[R-sig-ME] Log likelihood of a glmer() binomial model .
Juho Kristian Ruohonen
juho@kr|@t|@n@ruohonen @end|ng |rom gm@||@com
Sat Apr 20 09:42:16 CEST 2019
Rolf: Forgive my ignorance, but isn't the relevant log-likelihood here the
log-likelihood of the observed responses in the validation set given the
model-predicted probabilities? I.e. sum(dbinom(VS$y, size = VS$n, prob =
predict(fit, newdata = VS, type = "response"), log = TRUE))? Even this
would be somewhat off because dbinom() isn't aware of the random-effects
integral business.

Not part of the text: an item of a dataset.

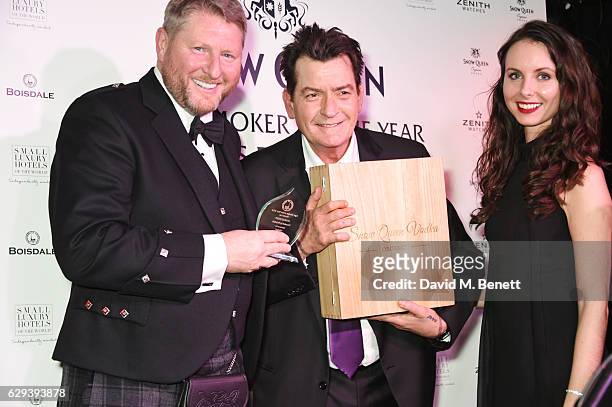 Charlie Sheen accepts the Cigar Smoker of the Year Runner-Up award at the Snow Queen Cigar Smoker of the Year awards at Boisdale of Canary Wharf on...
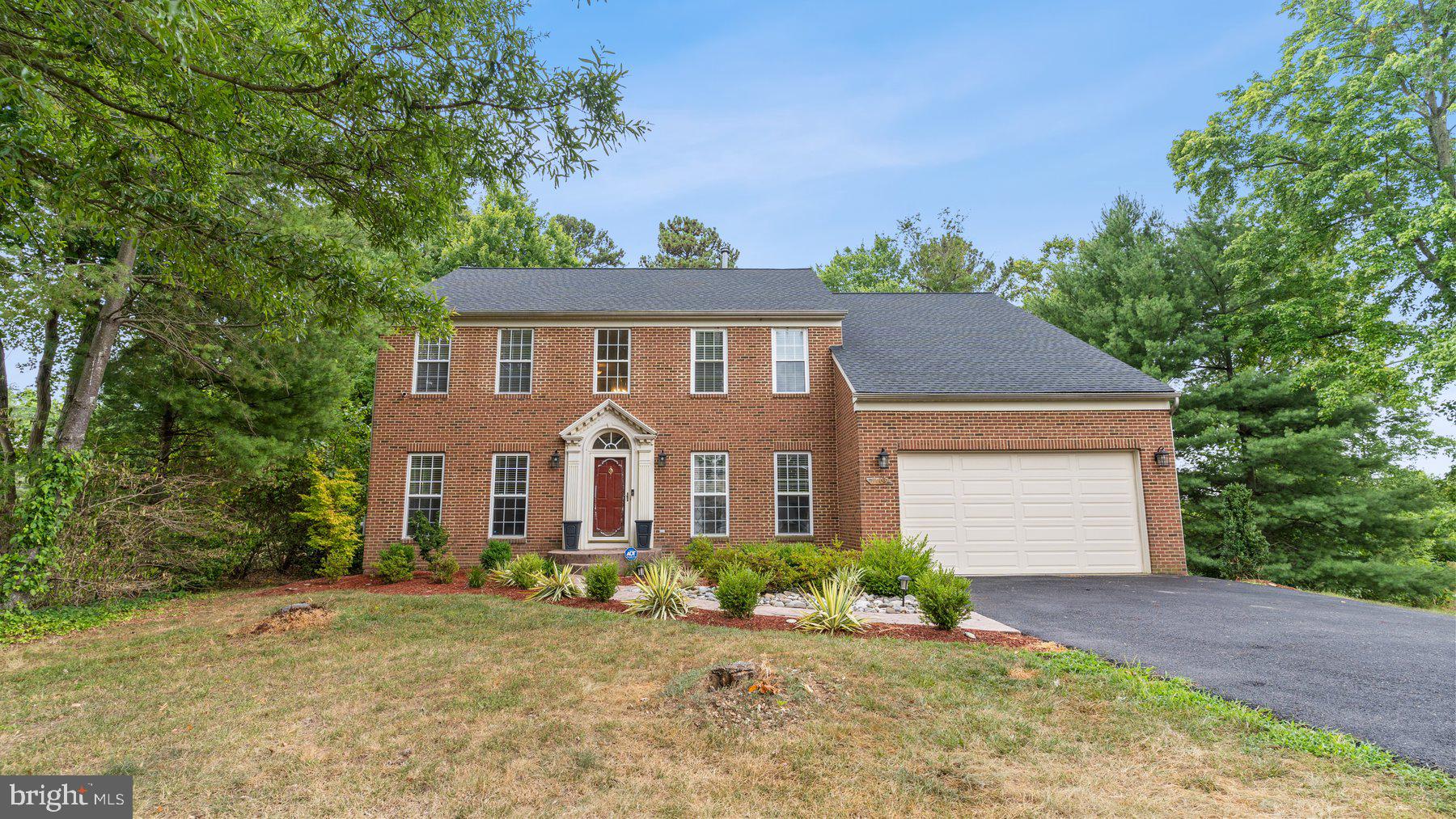 Welcome to this magnificent, brick-front colonial in sought-after Mary-Catherine Estates. This beautiful home is situated in a prime cul-de-sac location on .78 acres. It boasts an excellent open and modern floor plan. The heart of the home features a gourmet kitchen with granite counters and new stainless steel appliances. An inviting family room seamlessly flows from the kitchen. Enjoy direct access to the deck with views of open space and trees., The generous and outstanding owner’s suite provides a sumptuous retreat with two walk-in closets, a sitting area, and an en-suite spa-like bathroom featuring a double-sink vanity, separate shower, and a soaking tub with jets. The upper level also features three additional bedrooms and a hall bath. The fully finished basement level includes a full bath and a spacious recreation room, that offers additional living space for multiple purposes. This home perfectly combines elegance and comfort in an ideal location . Don't wait to make this awesome home yours.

But it looks to me like your current call is calculating
the log-sum of the predicted probabilities of y = 1 in the validation set,
not the loglikelihood of the observed responses in the validation set.
la 20. huhtik. 2019 klo 8.51 Rolf Turner (r.turner using auckland.ac.nz)
> On 20/04/19 12:44 PM, Ben Bolker wrote:
> > This seems wrong.
> Yeah, that figures.
> > The GLMM log-likelihood includes an integral over
> > the distribution of the random effects.
> I was aware of this. I guess what I was naïvely expecting was that
> predict.merMod() would handle this. I.e. that this predict method
> (with type = "response") would return, for each observed y_i in the
> (new) data set
> Pr(Y = y_i) = \int_0 Pr(Y = y_i | R = r) f(r) dr
> where R is the vector of random effects and f(r) is its probability
> density function (multivariate normal, with mean 0 and some covariance
> matrix, which has been estimated in the fitting process.
> I guess that this is *not* what predict.merMod() returns --- but I don't
> understand why not. It seems to me that this is what it "should" return.
> I'm probably misunderstanding something, possibly simple, possibly subtle.
> Apropos of nothing much, what *does* predict.merMod() return?
> Maybe Pr(Y = y_i | R = 0) ???
> > Here is an **inefficient** method for computing the likelihood
> > coefs <- unlist(getME(fit,c("theta","beta"))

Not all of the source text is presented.